Hemispheric Utilization of Alpha Oscillatory Dynamics as a Unique Biomarker of Neural Compensation in Females with Fragile X Syndrome. [2023]Fragile X syndrome (FXS) is a neurodevelopmental disorder caused by a trinucleotide expansion on the FMR1 gene and characterized by intellectual disability, sensory hypersensitivity, executive function difficulties, and social anxiety. Recently, efforts to define neural biomarkers for FXS have highlighted disruptions to power in the alpha frequency band; however the dynamic mechanisms supporting these findings are poorly understood. The current study aimed to explore the temporal and hemispheric dynamics supporting alpha phenotypes in FXS and their relationship with neural phenotypes related to auditory processing using electroencephalography during an auditory evoked task. Adolescents and adults (N = 36) with FXS and age/sex matched typically developing controls (N = 40) completed an auditory chirp task. Frontal alpha power in the prestimulus period was decomposed into "bursts" using percentile thresholding, then assessed for number of bursts per second (burst count) and burst length. Data were compared across left and right hemispheres to assess lateralization of neural activity.

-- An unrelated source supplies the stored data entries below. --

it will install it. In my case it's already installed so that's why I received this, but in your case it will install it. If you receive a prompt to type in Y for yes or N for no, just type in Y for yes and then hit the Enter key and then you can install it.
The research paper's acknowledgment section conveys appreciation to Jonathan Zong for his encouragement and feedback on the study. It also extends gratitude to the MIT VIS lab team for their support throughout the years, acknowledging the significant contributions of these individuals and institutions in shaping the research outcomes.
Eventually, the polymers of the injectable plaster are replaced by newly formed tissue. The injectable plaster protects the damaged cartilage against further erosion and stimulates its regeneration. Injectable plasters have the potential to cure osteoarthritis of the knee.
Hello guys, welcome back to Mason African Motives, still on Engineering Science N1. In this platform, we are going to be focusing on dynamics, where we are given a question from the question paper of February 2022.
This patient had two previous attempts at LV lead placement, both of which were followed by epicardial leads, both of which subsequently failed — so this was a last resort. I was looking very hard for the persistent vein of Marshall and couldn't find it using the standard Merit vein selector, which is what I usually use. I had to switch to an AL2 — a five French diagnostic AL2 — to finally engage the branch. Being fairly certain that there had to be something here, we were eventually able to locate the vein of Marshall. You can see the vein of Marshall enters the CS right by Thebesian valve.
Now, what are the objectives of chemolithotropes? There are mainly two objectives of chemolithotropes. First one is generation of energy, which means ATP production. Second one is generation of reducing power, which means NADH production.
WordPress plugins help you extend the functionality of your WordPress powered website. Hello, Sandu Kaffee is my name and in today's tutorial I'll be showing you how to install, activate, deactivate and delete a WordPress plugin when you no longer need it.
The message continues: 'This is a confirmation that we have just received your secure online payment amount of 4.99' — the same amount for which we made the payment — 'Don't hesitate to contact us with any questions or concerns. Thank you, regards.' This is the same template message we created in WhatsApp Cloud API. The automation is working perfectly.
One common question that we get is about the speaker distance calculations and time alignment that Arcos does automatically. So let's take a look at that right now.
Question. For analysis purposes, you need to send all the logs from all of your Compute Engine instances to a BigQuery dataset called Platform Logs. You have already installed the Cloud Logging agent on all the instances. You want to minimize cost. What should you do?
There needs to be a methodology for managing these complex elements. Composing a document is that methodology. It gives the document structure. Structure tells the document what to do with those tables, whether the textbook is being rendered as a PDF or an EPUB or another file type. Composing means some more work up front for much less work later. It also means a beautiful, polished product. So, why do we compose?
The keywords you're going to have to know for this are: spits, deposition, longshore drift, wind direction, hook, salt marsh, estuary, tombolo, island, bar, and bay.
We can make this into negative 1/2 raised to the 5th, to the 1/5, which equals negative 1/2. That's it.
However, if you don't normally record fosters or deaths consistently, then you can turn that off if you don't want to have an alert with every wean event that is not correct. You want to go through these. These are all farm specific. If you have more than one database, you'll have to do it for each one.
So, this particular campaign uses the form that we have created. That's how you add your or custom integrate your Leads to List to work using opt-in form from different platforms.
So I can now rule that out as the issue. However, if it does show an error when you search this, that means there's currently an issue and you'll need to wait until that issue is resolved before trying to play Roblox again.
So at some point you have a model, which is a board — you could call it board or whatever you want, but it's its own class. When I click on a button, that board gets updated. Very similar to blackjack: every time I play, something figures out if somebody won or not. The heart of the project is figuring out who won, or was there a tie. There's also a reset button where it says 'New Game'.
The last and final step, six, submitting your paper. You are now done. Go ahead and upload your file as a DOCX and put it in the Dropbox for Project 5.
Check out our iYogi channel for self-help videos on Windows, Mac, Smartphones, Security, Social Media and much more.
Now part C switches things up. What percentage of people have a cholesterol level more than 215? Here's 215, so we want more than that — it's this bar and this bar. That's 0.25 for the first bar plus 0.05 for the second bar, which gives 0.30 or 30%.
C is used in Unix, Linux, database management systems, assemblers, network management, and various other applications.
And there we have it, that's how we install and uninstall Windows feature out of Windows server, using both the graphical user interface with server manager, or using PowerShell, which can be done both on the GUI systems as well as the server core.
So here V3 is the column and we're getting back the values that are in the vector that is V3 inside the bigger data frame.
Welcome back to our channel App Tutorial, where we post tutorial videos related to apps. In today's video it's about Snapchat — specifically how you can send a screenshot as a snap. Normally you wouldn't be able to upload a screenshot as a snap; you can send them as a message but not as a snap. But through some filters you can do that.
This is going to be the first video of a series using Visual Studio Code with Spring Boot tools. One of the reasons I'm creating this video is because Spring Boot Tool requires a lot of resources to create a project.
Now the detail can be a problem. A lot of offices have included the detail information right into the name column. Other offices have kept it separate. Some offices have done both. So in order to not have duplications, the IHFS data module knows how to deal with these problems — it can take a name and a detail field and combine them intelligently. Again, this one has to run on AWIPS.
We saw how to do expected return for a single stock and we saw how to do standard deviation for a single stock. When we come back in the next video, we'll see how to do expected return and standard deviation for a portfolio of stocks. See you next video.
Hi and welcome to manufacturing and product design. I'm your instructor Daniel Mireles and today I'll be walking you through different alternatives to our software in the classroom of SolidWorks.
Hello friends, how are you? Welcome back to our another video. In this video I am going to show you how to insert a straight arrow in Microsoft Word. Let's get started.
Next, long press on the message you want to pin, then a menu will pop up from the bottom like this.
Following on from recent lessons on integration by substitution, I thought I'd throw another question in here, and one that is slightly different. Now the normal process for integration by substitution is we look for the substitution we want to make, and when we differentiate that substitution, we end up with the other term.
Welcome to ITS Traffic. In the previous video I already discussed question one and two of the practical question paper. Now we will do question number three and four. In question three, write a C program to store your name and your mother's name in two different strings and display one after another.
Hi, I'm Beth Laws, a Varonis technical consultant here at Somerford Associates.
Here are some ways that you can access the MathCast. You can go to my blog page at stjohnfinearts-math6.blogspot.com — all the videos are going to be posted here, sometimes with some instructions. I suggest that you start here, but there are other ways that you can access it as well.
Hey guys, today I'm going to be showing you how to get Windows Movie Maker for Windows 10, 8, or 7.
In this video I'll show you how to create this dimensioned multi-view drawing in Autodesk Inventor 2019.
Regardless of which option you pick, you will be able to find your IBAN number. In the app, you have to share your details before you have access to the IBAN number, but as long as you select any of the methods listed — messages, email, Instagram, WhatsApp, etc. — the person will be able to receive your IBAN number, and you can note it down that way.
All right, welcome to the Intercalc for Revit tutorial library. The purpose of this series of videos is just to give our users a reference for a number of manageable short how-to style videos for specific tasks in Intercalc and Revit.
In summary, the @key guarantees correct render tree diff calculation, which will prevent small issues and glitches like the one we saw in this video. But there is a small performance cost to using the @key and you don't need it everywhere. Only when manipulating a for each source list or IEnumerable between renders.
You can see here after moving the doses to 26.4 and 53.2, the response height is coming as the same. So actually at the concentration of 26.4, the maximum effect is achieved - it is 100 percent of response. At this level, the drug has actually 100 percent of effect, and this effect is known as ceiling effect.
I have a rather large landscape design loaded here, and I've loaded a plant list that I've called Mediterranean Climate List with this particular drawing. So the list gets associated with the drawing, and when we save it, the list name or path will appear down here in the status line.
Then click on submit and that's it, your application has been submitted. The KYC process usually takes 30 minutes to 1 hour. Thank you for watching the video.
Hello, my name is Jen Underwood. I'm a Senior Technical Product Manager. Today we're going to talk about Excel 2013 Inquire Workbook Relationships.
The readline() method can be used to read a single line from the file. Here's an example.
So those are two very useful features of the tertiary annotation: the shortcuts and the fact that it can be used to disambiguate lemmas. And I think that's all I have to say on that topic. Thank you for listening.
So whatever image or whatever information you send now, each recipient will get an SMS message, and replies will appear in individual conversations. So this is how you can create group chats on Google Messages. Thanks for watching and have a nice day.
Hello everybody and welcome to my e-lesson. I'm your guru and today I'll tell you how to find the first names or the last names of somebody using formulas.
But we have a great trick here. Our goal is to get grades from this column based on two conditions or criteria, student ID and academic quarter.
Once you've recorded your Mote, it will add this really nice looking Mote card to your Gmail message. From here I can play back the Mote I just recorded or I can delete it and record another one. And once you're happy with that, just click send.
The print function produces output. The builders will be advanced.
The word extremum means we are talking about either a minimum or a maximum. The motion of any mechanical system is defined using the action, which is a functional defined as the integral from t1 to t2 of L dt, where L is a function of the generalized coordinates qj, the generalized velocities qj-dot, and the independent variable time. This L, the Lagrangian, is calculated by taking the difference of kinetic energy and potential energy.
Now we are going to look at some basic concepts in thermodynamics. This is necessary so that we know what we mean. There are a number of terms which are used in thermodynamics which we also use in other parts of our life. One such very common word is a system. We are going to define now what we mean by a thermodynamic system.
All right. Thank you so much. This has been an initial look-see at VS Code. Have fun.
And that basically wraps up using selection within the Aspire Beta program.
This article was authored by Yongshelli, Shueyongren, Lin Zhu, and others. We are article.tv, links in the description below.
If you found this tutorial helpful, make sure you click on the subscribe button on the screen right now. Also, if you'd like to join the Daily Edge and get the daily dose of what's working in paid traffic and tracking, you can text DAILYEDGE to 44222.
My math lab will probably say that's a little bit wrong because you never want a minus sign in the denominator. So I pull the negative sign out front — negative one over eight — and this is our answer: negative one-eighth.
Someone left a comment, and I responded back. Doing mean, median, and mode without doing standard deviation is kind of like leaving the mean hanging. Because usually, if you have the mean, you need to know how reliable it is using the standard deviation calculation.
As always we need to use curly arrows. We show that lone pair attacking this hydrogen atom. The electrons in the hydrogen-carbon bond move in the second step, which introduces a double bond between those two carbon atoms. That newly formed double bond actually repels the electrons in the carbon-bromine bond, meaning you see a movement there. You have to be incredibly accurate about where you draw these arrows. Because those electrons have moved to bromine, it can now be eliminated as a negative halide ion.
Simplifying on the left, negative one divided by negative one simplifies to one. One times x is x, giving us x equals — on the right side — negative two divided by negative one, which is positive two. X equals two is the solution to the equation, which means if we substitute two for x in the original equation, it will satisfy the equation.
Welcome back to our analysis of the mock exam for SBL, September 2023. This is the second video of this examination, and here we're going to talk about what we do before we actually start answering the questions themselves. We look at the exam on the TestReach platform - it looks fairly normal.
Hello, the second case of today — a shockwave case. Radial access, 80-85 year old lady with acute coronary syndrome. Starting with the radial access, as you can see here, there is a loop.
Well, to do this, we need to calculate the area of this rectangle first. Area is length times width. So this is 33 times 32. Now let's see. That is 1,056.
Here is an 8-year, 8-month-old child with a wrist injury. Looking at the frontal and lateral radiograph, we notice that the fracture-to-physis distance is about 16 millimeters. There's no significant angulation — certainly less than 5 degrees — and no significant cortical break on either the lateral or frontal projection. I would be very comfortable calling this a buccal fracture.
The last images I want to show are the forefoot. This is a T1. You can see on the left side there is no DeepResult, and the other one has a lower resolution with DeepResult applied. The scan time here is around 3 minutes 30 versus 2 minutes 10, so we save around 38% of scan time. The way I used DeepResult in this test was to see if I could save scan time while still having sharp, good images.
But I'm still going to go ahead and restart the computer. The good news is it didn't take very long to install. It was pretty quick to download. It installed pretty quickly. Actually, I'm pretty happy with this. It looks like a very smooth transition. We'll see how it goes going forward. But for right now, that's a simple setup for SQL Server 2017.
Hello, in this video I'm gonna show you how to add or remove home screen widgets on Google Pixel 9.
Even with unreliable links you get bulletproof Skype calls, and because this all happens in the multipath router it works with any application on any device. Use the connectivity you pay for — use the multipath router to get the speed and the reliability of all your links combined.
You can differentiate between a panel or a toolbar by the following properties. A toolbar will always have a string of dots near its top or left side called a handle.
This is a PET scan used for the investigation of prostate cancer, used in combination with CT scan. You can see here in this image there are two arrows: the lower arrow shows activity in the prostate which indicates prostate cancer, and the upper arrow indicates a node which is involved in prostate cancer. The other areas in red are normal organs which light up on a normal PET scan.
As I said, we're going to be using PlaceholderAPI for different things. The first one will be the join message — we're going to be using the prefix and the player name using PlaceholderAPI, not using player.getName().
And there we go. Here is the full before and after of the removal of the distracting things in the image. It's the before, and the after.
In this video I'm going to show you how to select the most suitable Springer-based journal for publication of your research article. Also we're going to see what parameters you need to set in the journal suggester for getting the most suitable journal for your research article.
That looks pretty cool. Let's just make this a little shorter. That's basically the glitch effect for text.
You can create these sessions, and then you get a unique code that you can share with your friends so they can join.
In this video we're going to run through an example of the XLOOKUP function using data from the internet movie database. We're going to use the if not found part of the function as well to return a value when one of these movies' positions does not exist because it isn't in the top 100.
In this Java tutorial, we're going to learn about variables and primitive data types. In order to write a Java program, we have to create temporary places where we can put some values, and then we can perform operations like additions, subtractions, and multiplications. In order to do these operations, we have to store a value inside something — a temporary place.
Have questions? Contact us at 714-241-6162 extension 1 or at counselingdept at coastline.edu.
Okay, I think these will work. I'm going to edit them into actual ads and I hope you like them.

Individuals with FXS showed more differences in alpha power compared to TDC primarily in the right hemisphere. Notably, alpha hemisphere outcomes in males with FXS were driven by the number of times they entered a dynamically relevant period of alpha (burst count) rather than length of time spent in alpha. Females with FXS showed reduced burst counts but remained in sustained high alpha states for longer periods of time. Length of time spent in alpha may reflect a modulatory or compensatory mechanism capable of recovering sensory processing abilities in females with FXS resulting in a less severe clinical presentation. Right hemisphere abnormalities may impact sensory processing differences between males and females with FXS. The relationship between alpha burst length, count, sex, and hemisphere may shed light on underlying mechanisms for previously observed alpha power abnormalities in FXS and their variation by sex.